The hardest part about having this thought is thinking it alone. The best thing to do is to talk about it. It is therapeutic to say it out loud, to share it with someone, and work through it. Most people, however, are ashamed, afraid to be judged or forced into a locked psychiatric unit. Just because someone has a suicidal thought, they aren’t necessarily suicidal. Therefore, it may not be necessary to be sent to an inpatient psychiatric facility, but the thought should still be taken seriously. Something is going on, healing is needed, but healing won’t come by holding it all inside. Normalizing the conversion would help. People need to know they are not only 1 in a million special, but 1 in millions who have similar thoughts and healing needs.
It is a privilege and an honor to be trusted with people’s inner most secret thoughts of self-harm and suicide. I love helping others. In return, it helps me. Learning how to help others empowers me to help myself more. Encouraging the capability of others helps me be more capable. Outside of a clinic or healthcare setting, there are lots of ways for people to have similar experiences as I do.

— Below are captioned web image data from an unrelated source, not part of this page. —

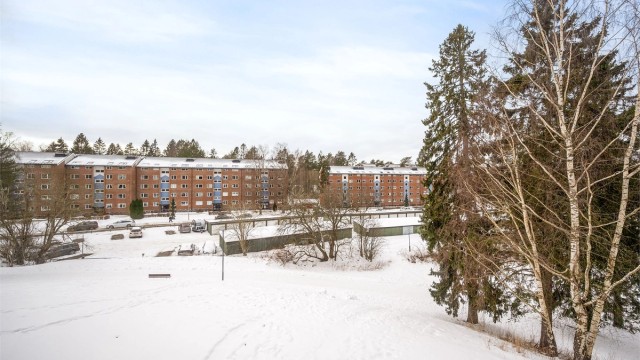 Fra leiligheten har du utsikt over rolige omgivelser og skogholt.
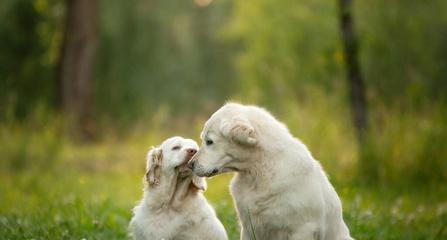 打造忠诚可爱的犬类宠物——克伦伯猎鹬犬（打造忠诚可爱的犬类宠物——克伦伯猎鹬犬）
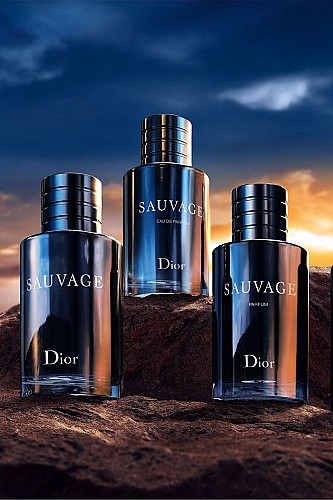 Coffret sauvage dior
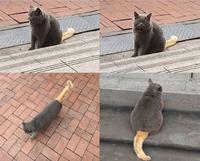 Y'en a, ils ont le corps sombre et la queue claire... y'en a, c'est le contraire !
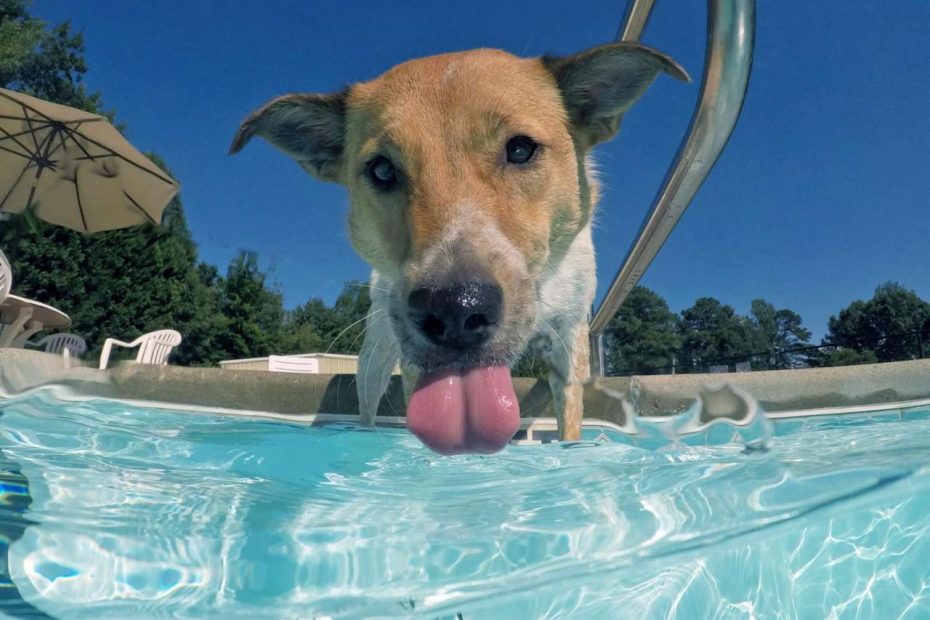 Dog Drinking Pool Water? Here'S What To Do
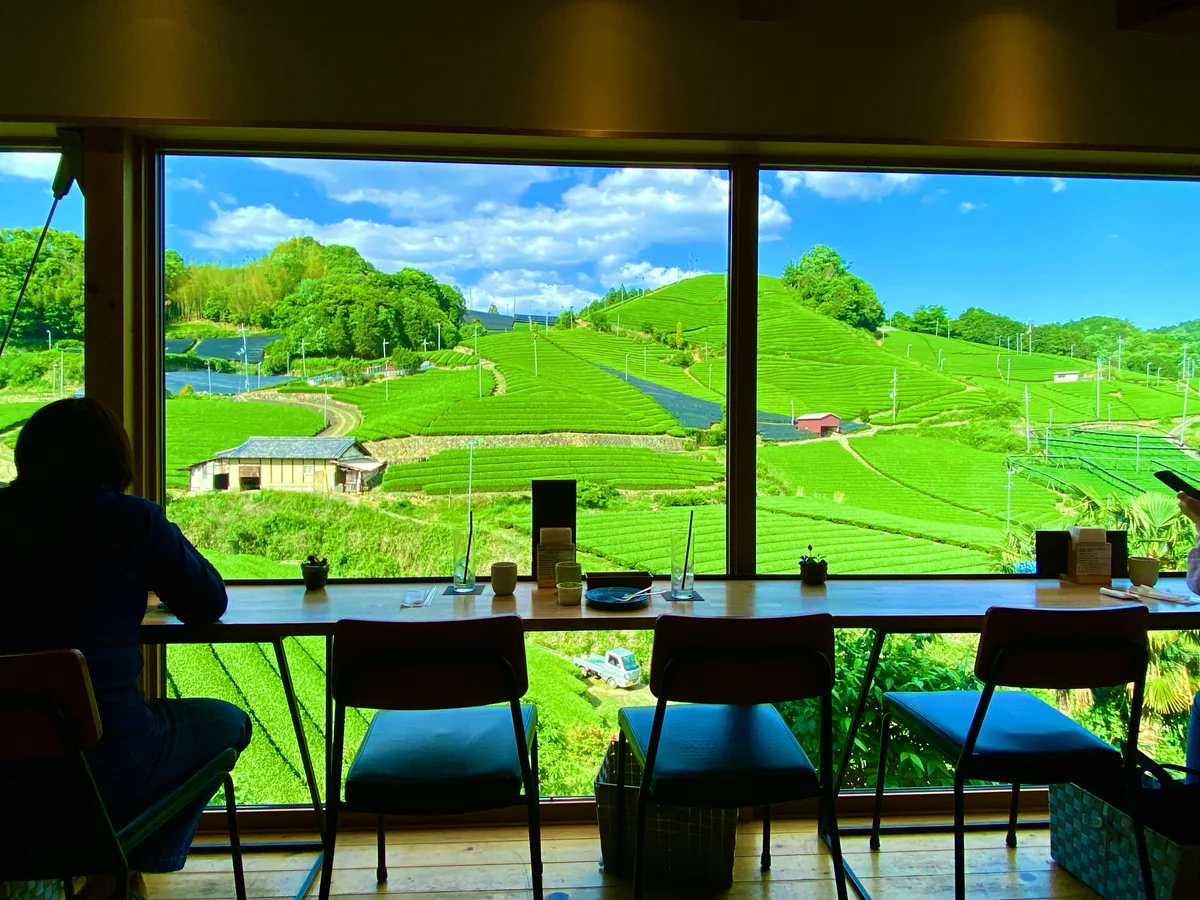 投稿写真：絶景にもほどがある❣️日本遺産「石寺の茶畑」を臨むカフェ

For example, there is the Out of the Darkness Walk, put on by the American Foundation for Suicide Prevention. These walks happen in hundreds of cities in all 50 states to raise awareness and funds for suicide prevention. Suicide prevention hotlines need volunteers. I would suggest a Google search to find a hotline and make sure they provide you with training. You can share your story or thoughts with others here at The Mighty, and/or read the stories and thoughts of other people that face similar challenges.
Reach out. Don’t be alone. You need others and others need you. We can be here for each other. There are lots of us.